The backstory is that I really don’t like the word “blog”, so I wasn’t going to call this little blurb beneath my comic “RYAN’S BLOG O’ THE DAY”.  The synonyms for “blog” all sound equally unappealing to me (“internet diary”, etc), and I wanted something that said “Here’s some news that you might find interesting” in a way that was friendly and different – most other comics just say “Newspost” or “Rant”.  ”What are the haps” (short for “what are the happenings”, “what is going on”, etc) was a phrase I’d heard used semi-ironically (or at least, a phrase I’d never seen used fully sincerely) a few years back, and adding “my friends” to the end gave the phrase a bumpy cadence that I liked.

So I’m hoping it conveys a sort of “Hey!  What’s going on, guys?” casual tone to what follows below, as if the title is asking “What’s going on?” and the post below is saying “Hey, here’s what’s new with me!”.
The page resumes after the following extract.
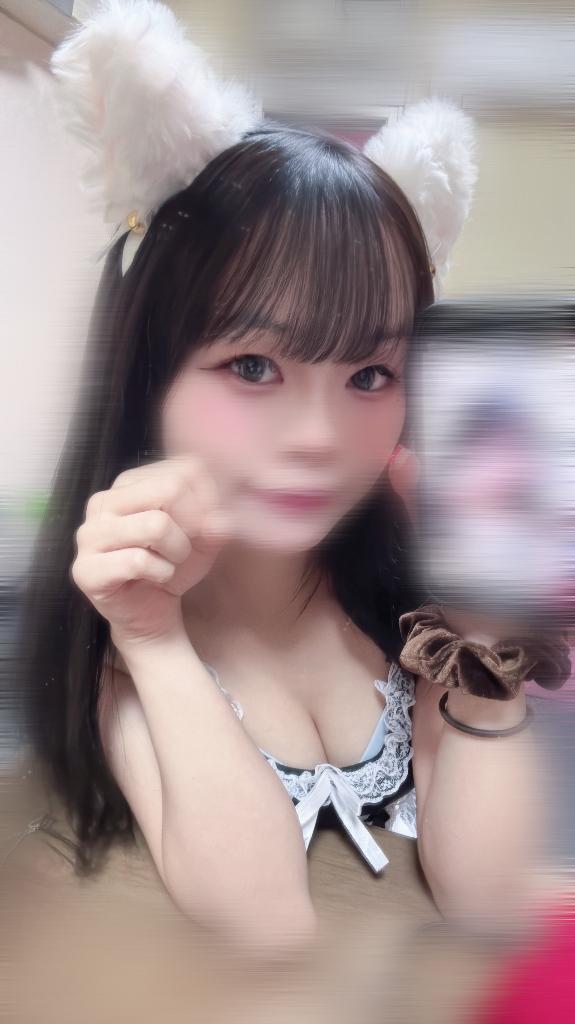 にゃんにゃん🐱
So, lost in the mists of time. But Ryan’s use has been the impetus for the spread of haps all over the net; search on {“what are the haps”} and you’ll get a lot of stuff. Ryan himself was surprised.

There are precedents for hapsprops ‘propers, proper respect or recognition’ , in particular.

[Yes, these things are slang and consequently are mostly restricted to certain users, contexts, purposes, and audiences, but so what? I'm not recommending such usages as formal written standard English. I'm not here as an arbiter of taste, but as a reporter on the passing scene.

And, in any case, formal written standard English is a variety with a very small -- in comparison to the full collection of varieties of English out there in the world -- niche. Granted, a niche with extraordinary social and political significance, but it's not the world, only a tiny part of it.

(I say this because I get a certain amount of flak when I write about demotic variants.)

(And I am, of course, writing in, mostly, formal written standard English, because that's what the context calls for.)]

In this particular case, I celebrate the playful and creative deployment of language in Ryan’s cartoons.

The cartoons come with auxiliary material under four headings:

(1) WHAT ARE THE HAPS MY FRIENDS

(2) ADS WOO

(3) GUYS YOU CAN TOTALLY BUY THIS SHIRT I MADE

(4) BIG UPS AND SHOUT OUTS

Heading (1) is what I started with. Heading (2) is over, well, ads; Ryan can’t just do this stuff for free (as the Language Loggers and other linguabloggers do), but needs some source of income. Woo is fascinating on its own.

Heading (3) is more commerce, enlivened by the extension of degree totally into interesting new territory.

And heading (4) has both shouts out and another -s innovation (not Ryan’s, but still recent), ups. Several sites gloss big ups as ‘massive props’, which pleases me a lot.